Wenn man an die Schweiz denkt, dann denkt man an? Richtig, an jodelnde Berghirten in kurzen Lederhosen; an schwarze Almhütten mit niedrigen, breiten Dächern; an hohe schneegegipfelte Berge.
Das erste Rendez-vous mit der Schweiz findet auf einer vollgestopften Autobahn statt. Der Wagen rollt – Zentimeter um Zentimeter oder steht vollständig. Draußen vor dem Fenster kriecht Basel vorbei. Industriell mit Silos, Türmen, Fabriken und Förderbändern bewährt.
Keine idyllische Bergwelt und keine moderne Autobahn. Stattdessen führt die Straße, nachdem sich der Verkehrsstau aufgelöst hat, zu einer alten braunrostigen Autolade. Es gibt keinen anderen Weg als durch den Berg hindurch, um unser Ziel zu erreichen, zumindest suggeriert uns dies das Navigationssystem, von meinem Bruder in seiner ganzen Liebenswürdigkeit "Franz" genannt.
Der Pater ist dagegen nicht so liebenswürdig zu seinem Wegweiser und schon gar nicht zu der Autolade. Angesichts der Situation – man kann von hier aus nicht mehr umdrehen – bleibt ihm allerdings nichts anderes übrig, als sein Lenkrad festzuhalten und wiederholt hilflos "Ich will jetzt aber nicht mit der Eisenbahn fahren" von sich zu geben.

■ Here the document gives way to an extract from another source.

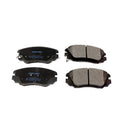 Set placute frana Dr!ve+ DP1010.10.0192
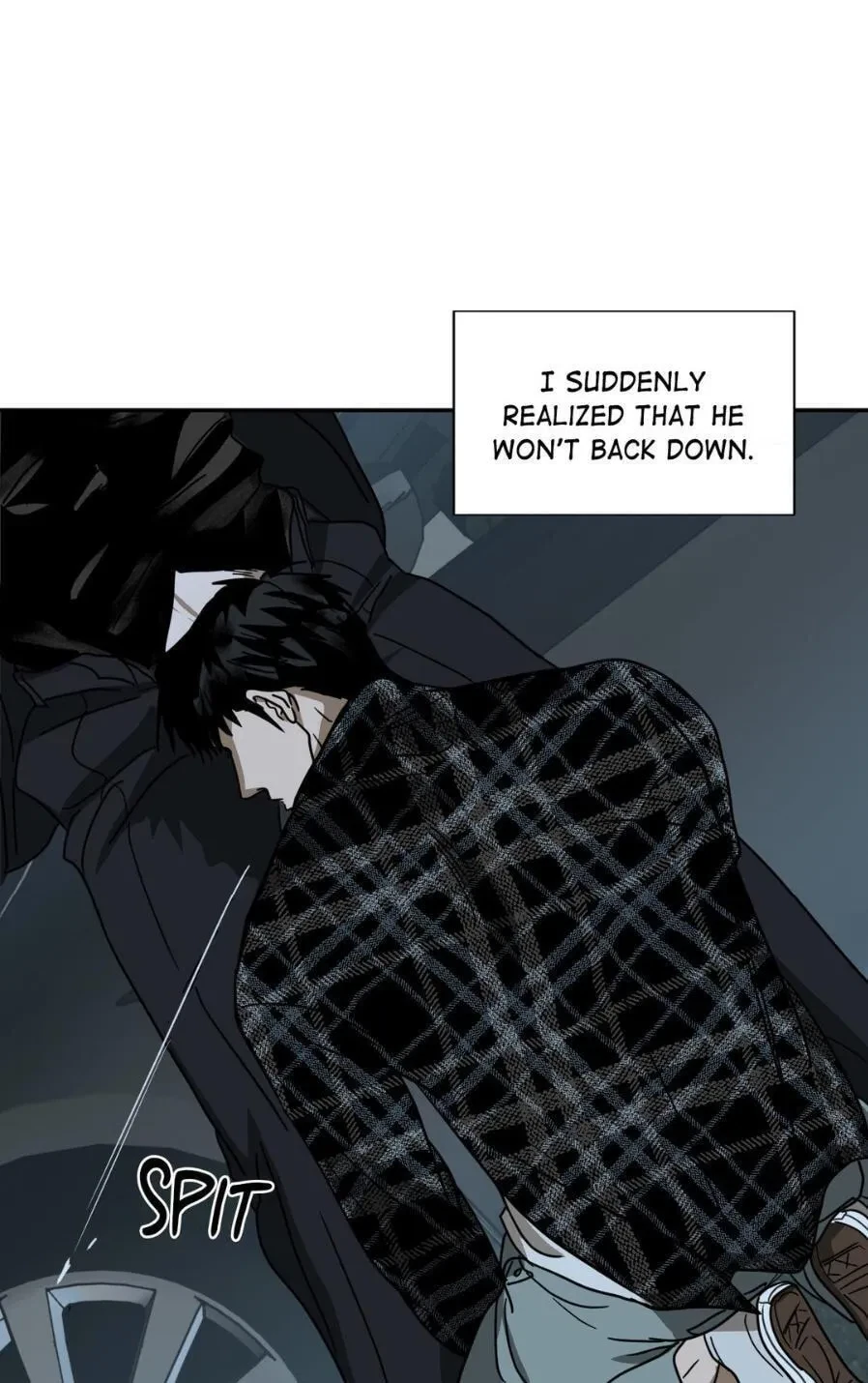 Chapter 3.1, page 55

Wenig später sitzen wir für 17,8 km in der Dunkelheit; Über, unter, neben uns, allgegenwärtig, grauer, massiver Stein. Die Erde um uns herum. Eine Funzel am Wagon spendet fahles Licht, während die Lade durch die Finsternis donnert.
Doch die bedrückende Nacht lohnt sich. Am Ende spuckt uns der Berg in ein wunderbares Tal aus. Sonne statt Regen. Die Straße schlängelt sich eine Bergflanke hinunter, die riesigen Berge, die das Tal umgeben, wirken zum Greifen nah, sind es aber nicht. Ein Eindruck, der noch von Gran Canaria nachklingt.

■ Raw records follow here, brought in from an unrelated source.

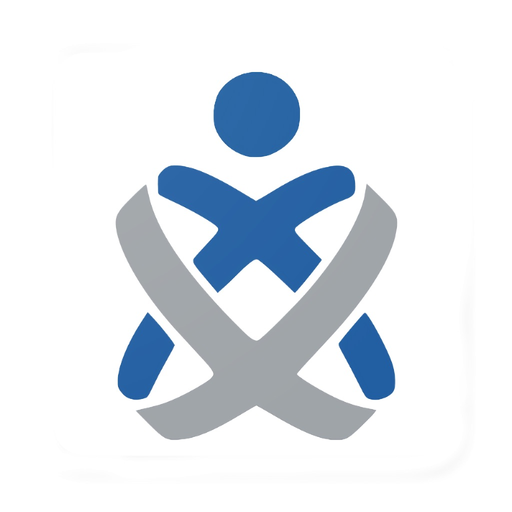 Coegi App app icon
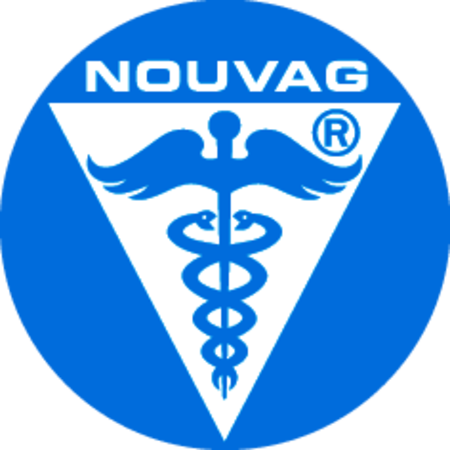 NOUVAG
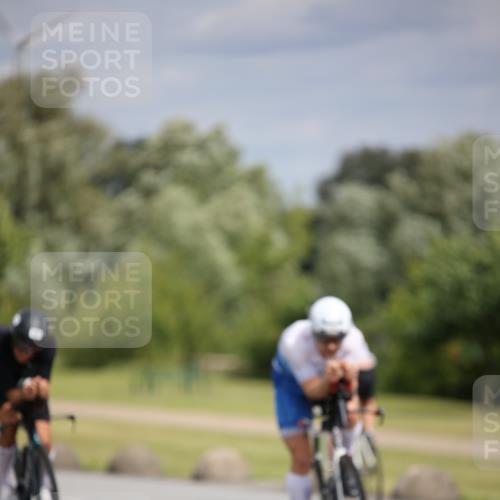 16.06.2024 - 26. Vierlanden-Triathlon Jannik Wohlers http://msf.ph/oto/6332832 16.06.2024 11:08:09 Radfahren 44, 60, 116, 286, 302 meine-sportfotos.de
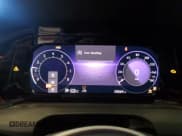 ✅ 2023 Volkswagen Golf GTI S • VIN: WVWGA7CD7PW133476 • Lot: 49722755. Wystawiony na Copart z przebiegiem 20 069 mil. Bezpłatny archiwum sprzedaży aukcyjnych z USA i szczegółowy raport historii pojazdu na DreamBid. Zdjęcie 9.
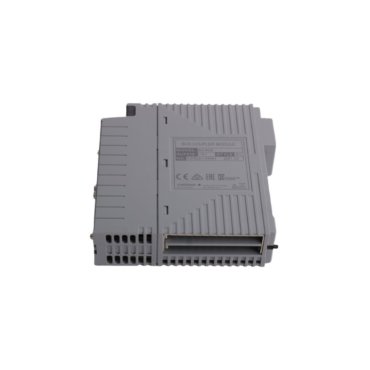 yokogawa-ec402-50-esb-bus-coupler-module-jrmdmyhctdp.jpg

Aber auch hier ist von der Klischeeschweiz nichts zu entdecken. Die Häuser, teilweise sehr provisorisch, wirken wie wahllos in die Landschaft gezimmert. Ein Westernrestaurant zieht an uns vorbei. Die Landschaft ist nicht saftig grün, sondern erinnert eher an die Vegetation eines von aridem Klima beherrschten Landes. Auch die Stadt, Brig, scheint jedwede Struktur zu entbehren. Hochhäuser ragen dem Himmel entgegen, als wetteiferten sie mit den Gipfeln, die sie einfassen.
Ich finde mich desillusioniert wieder. Darüber können mir nicht einmal die Almhäuser auf der gegenüberliegenden Seite des Tales hinweghelfen.
Die Schweiz ist eine merkwürdige Mischung aus glasklarem Rhein, versprengter Alpentradition und italienischem Flair. Die Schweizer, eine Paradoxie aus Gelassenheit und penibler Geschwindigkeitskontrolle.
Nachts verschmelzen Himmel und Erde. Lichter in den Bergen, die auch Sterne sein könnten.